→ **What to work on**: Since only the total matters, count the lines of these entries containing the word "Navy" and write that total alone.

Crawled caption data
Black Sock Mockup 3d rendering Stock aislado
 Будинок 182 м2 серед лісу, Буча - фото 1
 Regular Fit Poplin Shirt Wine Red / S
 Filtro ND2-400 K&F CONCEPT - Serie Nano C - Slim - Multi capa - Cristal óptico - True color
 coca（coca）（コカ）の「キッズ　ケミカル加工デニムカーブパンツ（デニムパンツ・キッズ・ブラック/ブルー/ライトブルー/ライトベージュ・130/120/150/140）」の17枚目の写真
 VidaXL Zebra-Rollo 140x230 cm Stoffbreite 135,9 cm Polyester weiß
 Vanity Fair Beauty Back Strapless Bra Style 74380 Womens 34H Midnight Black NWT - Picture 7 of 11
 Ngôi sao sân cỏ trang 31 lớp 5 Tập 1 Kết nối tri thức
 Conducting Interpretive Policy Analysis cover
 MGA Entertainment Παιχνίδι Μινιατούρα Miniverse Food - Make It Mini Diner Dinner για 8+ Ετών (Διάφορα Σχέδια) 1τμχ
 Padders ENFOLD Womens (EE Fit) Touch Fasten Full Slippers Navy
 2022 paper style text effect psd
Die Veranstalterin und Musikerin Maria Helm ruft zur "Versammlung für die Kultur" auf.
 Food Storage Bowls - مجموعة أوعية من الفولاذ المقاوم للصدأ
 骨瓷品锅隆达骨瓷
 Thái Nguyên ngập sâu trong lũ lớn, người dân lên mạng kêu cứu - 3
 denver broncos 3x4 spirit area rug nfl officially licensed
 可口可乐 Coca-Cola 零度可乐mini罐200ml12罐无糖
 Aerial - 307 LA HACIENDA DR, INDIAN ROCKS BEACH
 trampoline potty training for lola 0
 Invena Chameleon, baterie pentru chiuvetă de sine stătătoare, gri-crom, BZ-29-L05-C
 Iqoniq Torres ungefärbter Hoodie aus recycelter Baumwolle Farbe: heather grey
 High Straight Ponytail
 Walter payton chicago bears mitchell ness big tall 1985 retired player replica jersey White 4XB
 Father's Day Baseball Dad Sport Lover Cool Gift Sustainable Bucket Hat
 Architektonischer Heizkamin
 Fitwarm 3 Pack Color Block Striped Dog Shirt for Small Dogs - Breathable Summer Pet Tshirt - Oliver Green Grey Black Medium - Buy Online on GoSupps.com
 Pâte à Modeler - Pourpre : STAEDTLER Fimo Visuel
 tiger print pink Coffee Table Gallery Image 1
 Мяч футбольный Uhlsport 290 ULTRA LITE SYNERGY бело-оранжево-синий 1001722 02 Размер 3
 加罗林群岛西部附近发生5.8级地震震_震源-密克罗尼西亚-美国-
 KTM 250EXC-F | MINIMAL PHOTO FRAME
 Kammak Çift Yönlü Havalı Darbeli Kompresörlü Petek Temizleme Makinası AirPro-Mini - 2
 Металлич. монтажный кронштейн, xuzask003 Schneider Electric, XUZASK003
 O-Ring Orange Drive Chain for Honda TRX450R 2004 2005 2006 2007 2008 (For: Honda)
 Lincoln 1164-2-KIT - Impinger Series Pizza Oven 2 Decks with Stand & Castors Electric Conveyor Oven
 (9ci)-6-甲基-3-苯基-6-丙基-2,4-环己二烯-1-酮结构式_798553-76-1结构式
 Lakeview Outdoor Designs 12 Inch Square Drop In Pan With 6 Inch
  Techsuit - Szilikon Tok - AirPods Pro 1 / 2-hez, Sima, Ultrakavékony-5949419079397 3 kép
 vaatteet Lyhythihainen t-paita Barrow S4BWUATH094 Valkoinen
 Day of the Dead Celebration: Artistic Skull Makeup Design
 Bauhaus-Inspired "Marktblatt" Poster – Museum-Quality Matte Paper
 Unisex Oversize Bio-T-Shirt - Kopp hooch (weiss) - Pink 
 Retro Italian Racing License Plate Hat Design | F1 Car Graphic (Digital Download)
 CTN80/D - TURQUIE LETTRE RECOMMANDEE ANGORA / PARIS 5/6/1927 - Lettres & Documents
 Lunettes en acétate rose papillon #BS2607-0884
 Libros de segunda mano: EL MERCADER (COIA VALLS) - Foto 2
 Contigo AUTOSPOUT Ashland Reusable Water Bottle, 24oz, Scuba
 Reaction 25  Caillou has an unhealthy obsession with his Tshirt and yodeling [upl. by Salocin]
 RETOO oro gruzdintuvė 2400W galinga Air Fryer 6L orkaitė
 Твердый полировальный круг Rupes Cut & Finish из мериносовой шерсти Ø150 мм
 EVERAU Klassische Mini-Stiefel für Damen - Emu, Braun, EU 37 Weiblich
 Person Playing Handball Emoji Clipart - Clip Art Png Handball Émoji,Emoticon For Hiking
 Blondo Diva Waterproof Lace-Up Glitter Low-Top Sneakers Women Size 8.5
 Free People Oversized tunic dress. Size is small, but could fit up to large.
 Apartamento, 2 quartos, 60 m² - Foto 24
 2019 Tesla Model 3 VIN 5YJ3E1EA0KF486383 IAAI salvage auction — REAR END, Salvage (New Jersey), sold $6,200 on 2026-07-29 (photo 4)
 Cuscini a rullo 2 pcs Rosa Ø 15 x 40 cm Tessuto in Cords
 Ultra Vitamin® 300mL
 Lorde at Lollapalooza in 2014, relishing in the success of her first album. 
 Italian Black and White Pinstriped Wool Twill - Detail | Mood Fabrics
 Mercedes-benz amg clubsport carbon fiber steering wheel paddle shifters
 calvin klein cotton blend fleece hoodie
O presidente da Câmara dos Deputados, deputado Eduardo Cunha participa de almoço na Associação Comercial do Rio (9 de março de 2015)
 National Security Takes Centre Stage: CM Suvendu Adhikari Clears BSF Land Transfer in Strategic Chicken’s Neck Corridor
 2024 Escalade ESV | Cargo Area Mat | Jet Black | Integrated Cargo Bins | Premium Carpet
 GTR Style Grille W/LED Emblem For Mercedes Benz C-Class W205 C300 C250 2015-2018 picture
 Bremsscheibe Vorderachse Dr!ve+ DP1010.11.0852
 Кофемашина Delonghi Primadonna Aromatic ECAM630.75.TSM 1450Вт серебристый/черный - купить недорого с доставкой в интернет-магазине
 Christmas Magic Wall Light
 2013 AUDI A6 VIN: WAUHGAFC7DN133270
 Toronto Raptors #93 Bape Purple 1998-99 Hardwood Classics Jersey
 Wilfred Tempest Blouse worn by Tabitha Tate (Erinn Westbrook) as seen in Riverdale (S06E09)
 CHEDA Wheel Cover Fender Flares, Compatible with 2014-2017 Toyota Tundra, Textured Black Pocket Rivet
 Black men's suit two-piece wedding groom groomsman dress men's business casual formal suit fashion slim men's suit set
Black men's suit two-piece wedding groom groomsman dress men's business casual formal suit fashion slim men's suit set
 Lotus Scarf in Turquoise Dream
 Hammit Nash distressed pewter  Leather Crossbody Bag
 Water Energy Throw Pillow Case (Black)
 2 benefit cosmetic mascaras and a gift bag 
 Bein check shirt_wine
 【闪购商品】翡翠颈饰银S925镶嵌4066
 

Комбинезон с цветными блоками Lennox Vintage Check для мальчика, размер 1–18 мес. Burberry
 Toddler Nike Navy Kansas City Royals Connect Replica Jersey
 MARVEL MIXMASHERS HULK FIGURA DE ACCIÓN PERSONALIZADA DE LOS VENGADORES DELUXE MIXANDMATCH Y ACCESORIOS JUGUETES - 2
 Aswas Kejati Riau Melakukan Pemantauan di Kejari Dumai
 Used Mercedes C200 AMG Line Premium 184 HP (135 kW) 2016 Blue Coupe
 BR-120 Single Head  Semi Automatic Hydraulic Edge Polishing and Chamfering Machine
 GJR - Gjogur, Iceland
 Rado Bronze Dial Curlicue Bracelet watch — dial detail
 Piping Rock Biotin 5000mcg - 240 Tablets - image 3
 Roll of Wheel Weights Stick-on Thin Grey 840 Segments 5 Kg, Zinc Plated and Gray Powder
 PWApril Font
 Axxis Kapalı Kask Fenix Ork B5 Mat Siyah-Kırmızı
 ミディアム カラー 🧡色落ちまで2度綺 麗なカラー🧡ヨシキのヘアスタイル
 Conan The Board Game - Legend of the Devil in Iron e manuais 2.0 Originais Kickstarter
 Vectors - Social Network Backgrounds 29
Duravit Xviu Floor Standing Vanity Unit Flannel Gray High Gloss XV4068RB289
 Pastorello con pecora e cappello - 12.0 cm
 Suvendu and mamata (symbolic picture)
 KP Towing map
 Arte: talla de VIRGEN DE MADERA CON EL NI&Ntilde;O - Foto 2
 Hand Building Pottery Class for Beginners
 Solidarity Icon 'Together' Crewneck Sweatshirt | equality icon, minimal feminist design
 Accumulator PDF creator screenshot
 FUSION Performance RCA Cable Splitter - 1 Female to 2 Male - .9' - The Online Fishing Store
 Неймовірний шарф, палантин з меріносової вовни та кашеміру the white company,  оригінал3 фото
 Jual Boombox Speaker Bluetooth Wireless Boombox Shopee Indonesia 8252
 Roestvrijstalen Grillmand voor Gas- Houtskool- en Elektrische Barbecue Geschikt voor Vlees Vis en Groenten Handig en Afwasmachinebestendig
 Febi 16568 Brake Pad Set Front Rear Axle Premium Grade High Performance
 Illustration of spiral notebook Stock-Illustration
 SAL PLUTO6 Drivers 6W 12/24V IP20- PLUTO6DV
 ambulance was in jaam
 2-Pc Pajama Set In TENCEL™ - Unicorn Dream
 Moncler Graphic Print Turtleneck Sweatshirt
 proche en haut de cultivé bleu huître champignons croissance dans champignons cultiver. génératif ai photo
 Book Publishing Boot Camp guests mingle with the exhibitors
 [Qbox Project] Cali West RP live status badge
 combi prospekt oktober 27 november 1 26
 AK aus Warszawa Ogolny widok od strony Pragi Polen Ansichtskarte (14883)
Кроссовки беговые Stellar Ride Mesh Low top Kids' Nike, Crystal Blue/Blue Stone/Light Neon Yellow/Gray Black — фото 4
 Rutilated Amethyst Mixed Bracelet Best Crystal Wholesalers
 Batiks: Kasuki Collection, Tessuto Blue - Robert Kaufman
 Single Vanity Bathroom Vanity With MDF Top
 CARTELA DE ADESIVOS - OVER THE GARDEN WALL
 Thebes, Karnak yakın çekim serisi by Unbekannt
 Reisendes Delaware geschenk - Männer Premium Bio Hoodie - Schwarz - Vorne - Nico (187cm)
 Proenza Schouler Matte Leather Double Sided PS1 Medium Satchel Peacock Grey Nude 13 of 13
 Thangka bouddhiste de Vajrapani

→ **Finished exercise**: 2